** Opening DATASET CONTENT block **

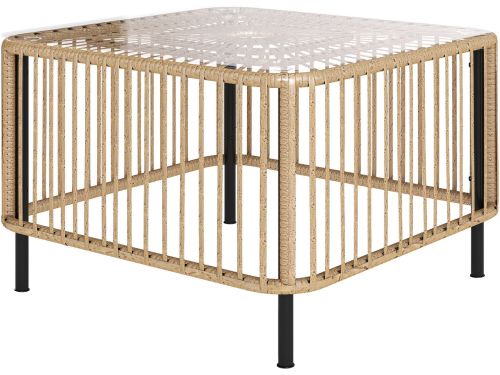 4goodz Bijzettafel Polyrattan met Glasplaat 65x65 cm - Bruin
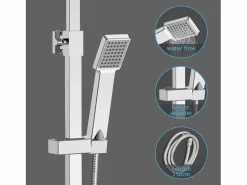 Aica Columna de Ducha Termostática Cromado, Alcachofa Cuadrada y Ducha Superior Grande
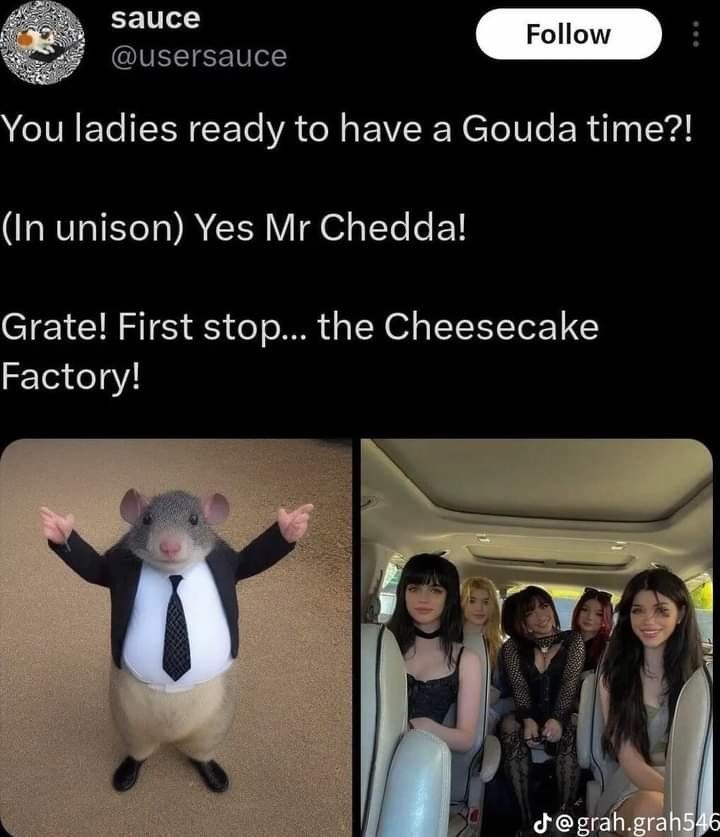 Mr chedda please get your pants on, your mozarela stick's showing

** Closing DATASET CONTENT block **
** Opening DATASET CONTENT block **

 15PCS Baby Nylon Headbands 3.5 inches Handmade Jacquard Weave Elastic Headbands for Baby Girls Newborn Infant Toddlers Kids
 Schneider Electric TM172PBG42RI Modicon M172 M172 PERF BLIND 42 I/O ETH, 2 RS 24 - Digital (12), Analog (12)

** Closing DATASET CONTENT block **
** Opening DATASET CONTENT block **

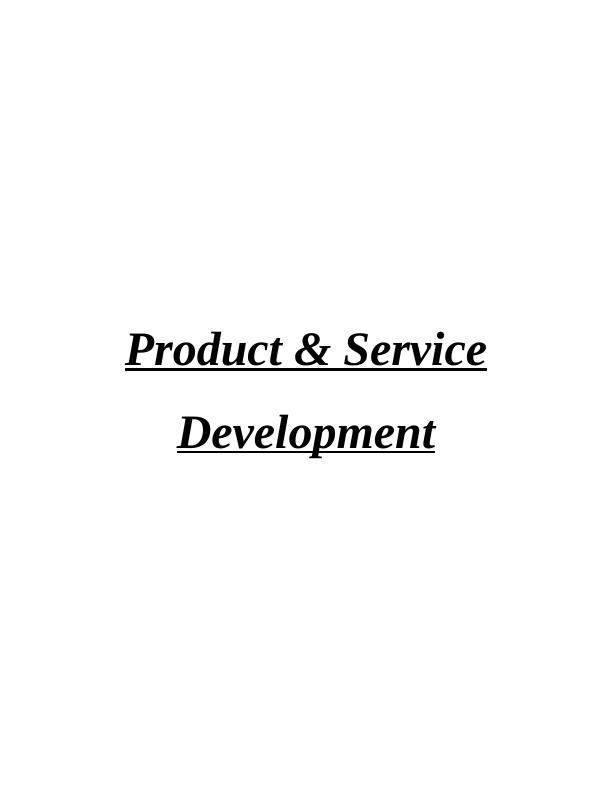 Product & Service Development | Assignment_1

** Closing DATASET CONTENT block **

Using the data above, copy exactly the lines from the one containing "4goodz Bijzettafel Polyrattan" to the one containing "Mr chedda please", inclusive. Exclude the pictures.

 4goodz Bijzettafel Polyrattan met Glasplaat 65x65 cm - Bruin
 Aica Columna de Ducha Termostática Cromado, Alcachofa Cuadrada y Ducha Superior Grande
 Mr chedda please get your pants on, your mozarela stick's showing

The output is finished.